6) É baixa a qualidade dos serviços, com destaque para o sistema de telefonia celular, que demorou tanto para chegar e já se encontra sobrecarregado. Mais de 1 milhão de pessoas aguardam em filas das companhias telefônicas por linhas celulares, mais de 600 mil somente em São Paulo, ou mais que o total de todos os usuários da telefonia celular do México.
7) Verificam-se longa espera e elevados custos nos serviços de transmissão de dados.
Tais informações apenas comprovam que o caráter social das telecomunicações não tem sido atendido e não o foi no decorrer dos 22 anos de atuação da Telebrás. Setores ainda comprometidos com a anacrônica teoria de esquerda apresentam o argumento falacioso de que somente o Estado pode garantir a oferta de serviços de telecomunicações à população levando em conta ``as necessidades sociais".

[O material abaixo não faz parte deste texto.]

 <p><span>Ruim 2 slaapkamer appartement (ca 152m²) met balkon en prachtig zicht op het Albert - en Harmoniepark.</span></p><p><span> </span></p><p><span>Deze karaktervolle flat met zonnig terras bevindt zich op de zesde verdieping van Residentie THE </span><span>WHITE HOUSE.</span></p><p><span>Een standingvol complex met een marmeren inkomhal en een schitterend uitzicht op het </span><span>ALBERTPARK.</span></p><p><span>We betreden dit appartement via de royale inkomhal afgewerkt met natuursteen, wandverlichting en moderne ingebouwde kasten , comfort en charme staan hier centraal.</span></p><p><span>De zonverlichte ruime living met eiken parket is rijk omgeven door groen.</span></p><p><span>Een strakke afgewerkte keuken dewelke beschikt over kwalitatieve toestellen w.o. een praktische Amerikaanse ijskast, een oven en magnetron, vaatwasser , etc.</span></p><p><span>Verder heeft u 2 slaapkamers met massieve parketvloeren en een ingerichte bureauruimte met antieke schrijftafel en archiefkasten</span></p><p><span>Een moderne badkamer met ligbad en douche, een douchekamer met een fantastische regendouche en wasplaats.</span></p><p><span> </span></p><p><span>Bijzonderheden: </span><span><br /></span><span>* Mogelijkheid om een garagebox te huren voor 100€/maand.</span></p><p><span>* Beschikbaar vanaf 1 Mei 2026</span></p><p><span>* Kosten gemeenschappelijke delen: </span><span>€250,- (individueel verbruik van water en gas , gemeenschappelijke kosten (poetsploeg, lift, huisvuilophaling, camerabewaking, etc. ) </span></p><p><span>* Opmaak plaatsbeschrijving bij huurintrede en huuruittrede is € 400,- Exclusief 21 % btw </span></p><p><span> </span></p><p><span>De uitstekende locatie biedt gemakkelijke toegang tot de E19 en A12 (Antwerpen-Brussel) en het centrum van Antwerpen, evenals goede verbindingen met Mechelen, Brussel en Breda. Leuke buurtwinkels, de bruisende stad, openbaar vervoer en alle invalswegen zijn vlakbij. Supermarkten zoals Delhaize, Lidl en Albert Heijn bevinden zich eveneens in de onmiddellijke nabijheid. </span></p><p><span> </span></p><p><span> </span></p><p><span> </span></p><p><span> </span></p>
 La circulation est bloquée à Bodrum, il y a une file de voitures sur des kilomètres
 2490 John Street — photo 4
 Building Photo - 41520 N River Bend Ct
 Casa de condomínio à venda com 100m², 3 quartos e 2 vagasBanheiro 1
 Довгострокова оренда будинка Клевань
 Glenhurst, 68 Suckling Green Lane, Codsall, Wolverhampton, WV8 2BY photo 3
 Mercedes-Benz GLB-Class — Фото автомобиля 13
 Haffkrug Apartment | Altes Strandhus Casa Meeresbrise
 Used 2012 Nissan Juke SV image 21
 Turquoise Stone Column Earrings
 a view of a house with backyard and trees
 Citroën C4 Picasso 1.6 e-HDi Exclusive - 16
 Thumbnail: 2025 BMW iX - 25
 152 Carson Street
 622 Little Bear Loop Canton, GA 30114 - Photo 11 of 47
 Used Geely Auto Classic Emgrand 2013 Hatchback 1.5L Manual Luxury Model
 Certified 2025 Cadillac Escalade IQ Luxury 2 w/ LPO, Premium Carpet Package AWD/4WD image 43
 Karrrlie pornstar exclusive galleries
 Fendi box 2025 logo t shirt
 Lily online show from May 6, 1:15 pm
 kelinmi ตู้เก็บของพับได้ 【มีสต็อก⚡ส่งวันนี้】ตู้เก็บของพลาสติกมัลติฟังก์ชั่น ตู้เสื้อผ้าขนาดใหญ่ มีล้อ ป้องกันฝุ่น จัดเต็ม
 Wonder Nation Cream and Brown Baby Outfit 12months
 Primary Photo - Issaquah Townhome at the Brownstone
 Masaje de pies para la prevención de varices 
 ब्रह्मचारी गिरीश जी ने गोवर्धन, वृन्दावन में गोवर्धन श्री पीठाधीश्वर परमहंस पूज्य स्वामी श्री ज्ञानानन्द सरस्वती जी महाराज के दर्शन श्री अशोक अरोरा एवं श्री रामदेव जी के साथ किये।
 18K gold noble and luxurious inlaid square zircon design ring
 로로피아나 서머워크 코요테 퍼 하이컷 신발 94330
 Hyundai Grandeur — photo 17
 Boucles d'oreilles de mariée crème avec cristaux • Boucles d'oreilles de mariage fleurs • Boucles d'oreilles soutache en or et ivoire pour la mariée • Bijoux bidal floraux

Entendemos que seria insensato imaginarmos que o Congresso Nacional, como legítimo representante do povo brasileiro, não criará salvaguardas de modo a que as empresas que explorem serviços de alta rentabilidade sejam compelidas a investimentos de caráter social, como telefonias públicas e rural, serviços em áreas geográficas do interior e não apenas das capitais.
Essa foi uma questão bastante discutida pelos parlamentares que integram a frente, membros da comissão especial que analisou a matéria, pelo Executivo e congressistas de diferentes tendências.
Estamos convencidos de que, após aprovação da proposta pelo Congresso, a legislação existente e as que virão a ser elaboradas pelos congressistas acabarão por definir o melhor e mais adequado modelo para a exploração dos serviços de telecomunicações do país, abrindo caminho para o desenvolvimento, para o progresso e modernização da sociedade brasileira.